In Agile software development, Sprint Planning is an important event that enables teams to finalize the sprint commitment in a realistic manner.
This article describes the fundamentals of sprint planning and provides a step-by-step guide on how to do it.
To learn more via video, watch below. Otherwise, skip ahead.
What is Sprint Planning?
In Scrum methodology, a sprint is a pre-defined period that lasts for one to four weeks in which the team executes the work they have planned to commit. A sprint kicks off with sprint planning, in which the team decides which goals they must accomplish during the sprint. Sprint planning helps the team to stay focused on the short-term goals that the team needs to accomplish to reach the end goal. Effective sprint planning is what makes the sprint successful and complete, but bad sprint planning makes the project fail at some point.
In each sprint planning meeting, the entire Scrum team gets to know the status of the projects and foresee roadblocks for sprint completion. There are several things a Scrum team does before and during a sprint planning meeting. The main input of the sprint planning is the product backlog. The product owners’ responsibility is to prepare the backlog items, and the development team’s responsibility is to provide a realistic estimation for the backlog items. The product owner and the team need proper communication and negotiation to finalize the sprint backlog. The planning output is the sprint goal described by the product owner.
How to Conduct Proper Sprint Planning
Sprint planning requires a lot of preparation work by both the product owner and the Scrum team. It begins with creating the sprint backlog that contains items or user stories the team needs to work on.
Prepare the Sprint Backlog
The sprint backlog consists of a comprehensive set of user stories. However, the backlog does not have to be complete because of the changing customer and product requirements. The product owner is the one who is responsible for maintaining the sprint backlog with the most up-to-date changes. Before the start of the meeting, they must prepare themselves to provide the sprint goal, feedback, and clarifications.
The product owner has the option to conduct the backlog refinement during the sprint grooming meeting. The backlog refinement meeting happens in the middle of the sprint execution.
The product owner syncs up with the team to provide input on what needs to come next, or the team presents a selection of items they have decided to work on in the next sprint. This helps the product owner make the sprint backlog ready with the required user stories defining all the information like the acceptance criteria, story points, priority, etc. Then the team reviews this backlog during the sprint planning and adjusts the plan with the rest of any remaining work from the current sprint.
Refine the Estimations
While the estimations for the user stories happen before the release planning, the development team has the chance to revisit the estimations based on their experience so far and provide a more realistic estimation. When the team gets mature with the work, it is easy to provide accurate estimations. These estimations are important to finalize the tasks for the sprint.
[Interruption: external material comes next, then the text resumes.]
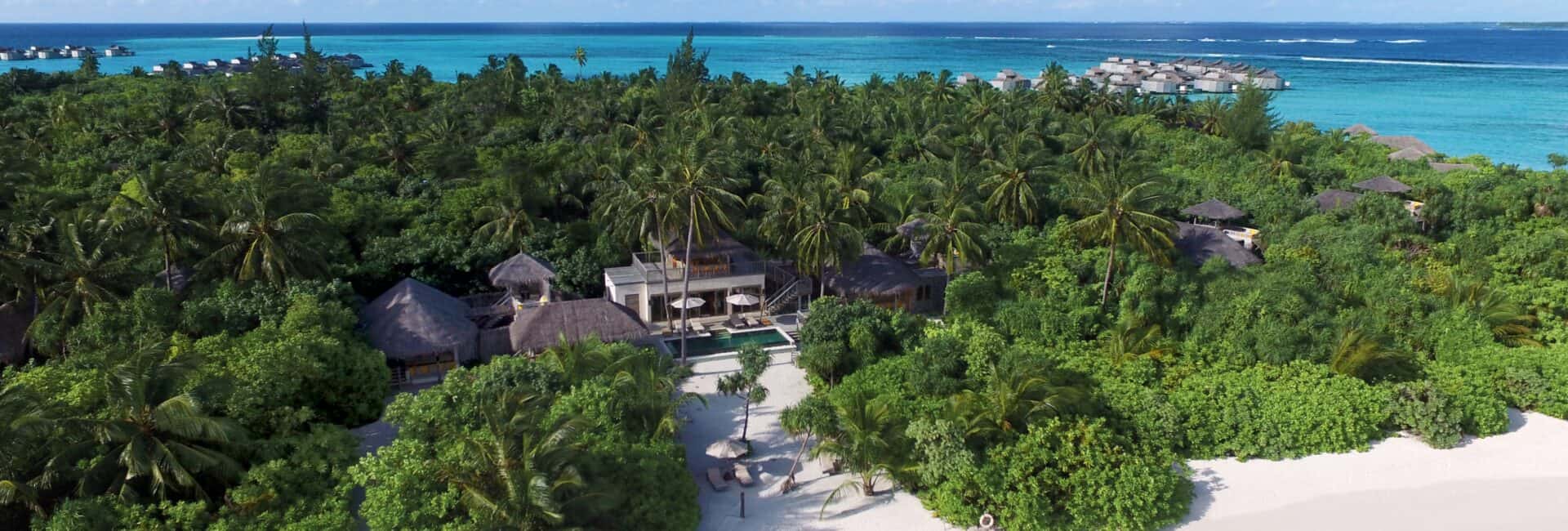 Six Senses Laamu - Two_Bedroom_Ocean_Beach_Aerial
Define the Team’s Capacity
The team members are not always available within the sprint due to various reasons like planned vacations, holidays, and allocation to other projects. Therefore, you must know the team’s capacity before committing to the sprint backlog. If there are any time constraints, consider talking with managers to allocate the time from other resources. That way, you get them to commit to the mandatory work without any hindrance.
Also, before the sprint planning begins, set the team velocity, which defines how much work the team must complete within one sprint. This velocity stems from considering several factors like the prior sprint experience, the number of backlog items, and team deliverables.
In addition, you must consider the impact of dependencies within each user story and outside dependencies. It is best to avoid planning stories dependent on each other because it underutilizes the resources for some time until the others complete the dependent work.
Plan the Sprint Planning Meeting
While the team is doing all the prior work, it is the Scrum Master’s responsibility to plan the sprint planning session. The planning meeting must happen in an allocated time at the end of each sprint, along with the sprint review. The Scrum Master must sync up with the team and discuss if there are any special things to discuss that must give the higher priority at the meeting, any other people that must participate, and so on. This groundwork helps the Scrum Master run an effective and productive planning meeting that generates a robust sprint plan.
The length of the sprint planning meeting is also an important thing the team must first determine. In general, the number of hours the team must spend on the planning depends on the sprint length. For example, if the sprint spans two weeks, this meeting lasts for four hours or more. However, this is not a static period sometimes; the meeting drags on for more hours or finishes earlier than normal. In scenarios where the planning drags for more than the allotted time, split the meeting into two parts and hold it on two consecutive days. In addition, you must consider the availability of key stakeholders when allocating a fixed time for the meeting.
Execute the Sprint Planning Meeting
Once the preparations are ready, and the team has identified all the user stories and tasks to undertake, it is time to hold the sprint planning meeting. The Scrum Master leads the planning meeting. The team lead presents the sprint plan and the rationale behind each selection. Then the product owners provide their feedback where necessary. The entire team has the opportunity to discuss any clarifications they require from the product owners and other stakeholders during the planning session.
After completing the sprint planning session, the team has a solid plan in hand for the upcoming sprint where they start working straight away. Effective sprint planning in a software development environment leads to delivering shippable products to the market at the end of each sprint.